§ EXERCISE DETAILS
Every entry below needs to be copied exactly.

§ INPUT FOR THIS TASK
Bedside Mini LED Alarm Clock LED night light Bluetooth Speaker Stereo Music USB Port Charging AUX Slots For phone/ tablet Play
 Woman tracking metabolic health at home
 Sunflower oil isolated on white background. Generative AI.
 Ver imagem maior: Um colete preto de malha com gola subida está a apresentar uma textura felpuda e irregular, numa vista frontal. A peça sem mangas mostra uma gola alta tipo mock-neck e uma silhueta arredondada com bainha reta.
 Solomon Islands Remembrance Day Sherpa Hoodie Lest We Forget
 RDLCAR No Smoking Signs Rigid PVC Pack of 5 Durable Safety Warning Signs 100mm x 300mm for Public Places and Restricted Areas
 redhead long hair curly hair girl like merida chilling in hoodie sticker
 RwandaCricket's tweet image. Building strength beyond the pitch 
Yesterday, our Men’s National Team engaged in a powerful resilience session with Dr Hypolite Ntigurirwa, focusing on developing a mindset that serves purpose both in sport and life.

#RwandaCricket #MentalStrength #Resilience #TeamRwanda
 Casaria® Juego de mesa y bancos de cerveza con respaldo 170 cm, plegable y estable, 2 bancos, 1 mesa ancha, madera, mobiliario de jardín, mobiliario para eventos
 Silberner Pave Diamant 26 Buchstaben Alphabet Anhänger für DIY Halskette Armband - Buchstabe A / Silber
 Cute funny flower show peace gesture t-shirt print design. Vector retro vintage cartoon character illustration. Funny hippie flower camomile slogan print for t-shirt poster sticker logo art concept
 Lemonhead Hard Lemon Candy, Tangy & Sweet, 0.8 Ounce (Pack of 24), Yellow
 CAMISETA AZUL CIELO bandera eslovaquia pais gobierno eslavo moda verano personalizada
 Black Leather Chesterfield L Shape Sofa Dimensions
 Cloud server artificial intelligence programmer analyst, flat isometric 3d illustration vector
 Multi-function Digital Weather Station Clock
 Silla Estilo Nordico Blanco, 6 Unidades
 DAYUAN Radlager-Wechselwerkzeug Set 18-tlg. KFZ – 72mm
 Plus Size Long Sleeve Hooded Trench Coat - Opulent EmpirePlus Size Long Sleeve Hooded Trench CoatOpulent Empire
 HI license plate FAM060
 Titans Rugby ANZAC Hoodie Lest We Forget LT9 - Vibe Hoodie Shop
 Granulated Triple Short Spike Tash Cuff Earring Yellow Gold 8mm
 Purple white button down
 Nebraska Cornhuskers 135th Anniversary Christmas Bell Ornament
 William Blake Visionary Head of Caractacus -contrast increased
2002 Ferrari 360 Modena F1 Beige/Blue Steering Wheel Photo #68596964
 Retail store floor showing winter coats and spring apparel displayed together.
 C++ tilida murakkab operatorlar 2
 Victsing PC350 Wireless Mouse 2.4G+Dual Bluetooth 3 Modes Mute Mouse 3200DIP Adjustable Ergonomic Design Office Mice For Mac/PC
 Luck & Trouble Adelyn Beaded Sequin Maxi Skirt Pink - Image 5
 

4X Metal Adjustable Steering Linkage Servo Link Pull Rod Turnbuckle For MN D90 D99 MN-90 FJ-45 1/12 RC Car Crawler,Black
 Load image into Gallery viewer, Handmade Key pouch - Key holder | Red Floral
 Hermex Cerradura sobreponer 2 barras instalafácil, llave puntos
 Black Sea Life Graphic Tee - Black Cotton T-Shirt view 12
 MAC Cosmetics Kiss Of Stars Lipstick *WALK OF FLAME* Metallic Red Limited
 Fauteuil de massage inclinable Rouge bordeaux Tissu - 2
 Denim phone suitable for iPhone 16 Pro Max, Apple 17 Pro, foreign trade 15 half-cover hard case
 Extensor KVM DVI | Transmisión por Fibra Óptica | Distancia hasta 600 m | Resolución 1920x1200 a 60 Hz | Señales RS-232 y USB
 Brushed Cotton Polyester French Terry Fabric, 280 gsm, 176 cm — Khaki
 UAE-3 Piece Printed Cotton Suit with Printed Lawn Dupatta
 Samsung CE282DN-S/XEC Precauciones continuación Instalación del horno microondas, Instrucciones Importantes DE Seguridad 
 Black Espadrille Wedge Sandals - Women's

§ TASK OUTPUT
Bedside Mini LED Alarm Clock LED night light Bluetooth Speaker Stereo Music USB Port Charging AUX Slots For phone/ tablet Play
 Woman tracking metabolic health at home
 Sunflower oil isolated on white background. Generative AI.
 Ver imagem maior: Um colete preto de malha com gola subida está a apresentar uma textura felpuda e irregular, numa vista frontal. A peça sem mangas mostra uma gola alta tipo mock-neck e uma silhueta arredondada com bainha reta.
 Solomon Islands Remembrance Day Sherpa Hoodie Lest We Forget
 RDLCAR No Smoking Signs Rigid PVC Pack of 5 Durable Safety Warning Signs 100mm x 300mm for Public Places and Restricted Areas
 redhead long hair curly hair girl like merida chilling in hoodie sticker
 RwandaCricket's tweet image. Building strength beyond the pitch 
Yesterday, our Men’s National Team engaged in a powerful resilience session with Dr Hypolite Ntigurirwa, focusing on developing a mindset that serves purpose both in sport and life.

#RwandaCricket #MentalStrength #Resilience #TeamRwanda
 Casaria® Juego de mesa y bancos de cerveza con respaldo 170 cm, plegable y estable, 2 bancos, 1 mesa ancha, madera, mobiliario de jardín, mobiliario para eventos
 Silberner Pave Diamant 26 Buchstaben Alphabet Anhänger für DIY Halskette Armband - Buchstabe A / Silber
 Cute funny flower show peace gesture t-shirt print design. Vector retro vintage cartoon character illustration. Funny hippie flower camomile slogan print for t-shirt poster sticker logo art concept
 Lemonhead Hard Lemon Candy, Tangy & Sweet, 0.8 Ounce (Pack of 24), Yellow
 CAMISETA AZUL CIELO bandera eslovaquia pais gobierno eslavo moda verano personalizada
 Black Leather Chesterfield L Shape Sofa Dimensions
 Cloud server artificial intelligence programmer analyst, flat isometric 3d illustration vector
 Multi-function Digital Weather Station Clock
 Silla Estilo Nordico Blanco, 6 Unidades
 DAYUAN Radlager-Wechselwerkzeug Set 18-tlg. KFZ – 72mm
 Plus Size Long Sleeve Hooded Trench Coat - Opulent EmpirePlus Size Long Sleeve Hooded Trench CoatOpulent Empire
 HI license plate FAM060
 Titans Rugby ANZAC Hoodie Lest We Forget LT9 - Vibe Hoodie Shop
 Granulated Triple Short Spike Tash Cuff Earring Yellow Gold 8mm
 Purple white button down
 Nebraska Cornhuskers 135th Anniversary Christmas Bell Ornament
 William Blake Visionary Head of Caractacus -contrast increased
2002 Ferrari 360 Modena F1 Beige/Blue Steering Wheel Photo #68596964
 Retail store floor showing winter coats and spring apparel displayed together.
 C++ tilida murakkab operatorlar 2
 Victsing PC350 Wireless Mouse 2.4G+Dual Bluetooth 3 Modes Mute Mouse 3200DIP Adjustable Ergonomic Design Office Mice For Mac/PC
 Luck & Trouble Adelyn Beaded Sequin Maxi Skirt Pink - Image 5
 

4X Metal Adjustable Steering Linkage Servo Link Pull Rod Turnbuckle For MN D90 D99 MN-90 FJ-45 1/12 RC Car Crawler,Black
 Load image into Gallery viewer, Handmade Key pouch - Key holder | Red Floral
 Hermex Cerradura sobreponer 2 barras instalafácil, llave puntos
 Black Sea Life Graphic Tee - Black Cotton T-Shirt view 12
 MAC Cosmetics Kiss Of Stars Lipstick *WALK OF FLAME* Metallic Red Limited
 Fauteuil de massage inclinable Rouge bordeaux Tissu - 2
 Denim phone suitable for iPhone 16 Pro Max, Apple 17 Pro, foreign trade 15 half-cover hard case
 Extensor KVM DVI | Transmisión por Fibra Óptica | Distancia hasta 600 m | Resolución 1920x1200 a 60 Hz | Señales RS-232 y USB
 Brushed Cotton Polyester French Terry Fabric, 280 gsm, 176 cm — Khaki
 UAE-3 Piece Printed Cotton Suit with Printed Lawn Dupatta
 Samsung CE282DN-S/XEC Precauciones continuación Instalación del horno microondas, Instrucciones Importantes DE Seguridad 
 Black Espadrille Wedge Sandals - Women's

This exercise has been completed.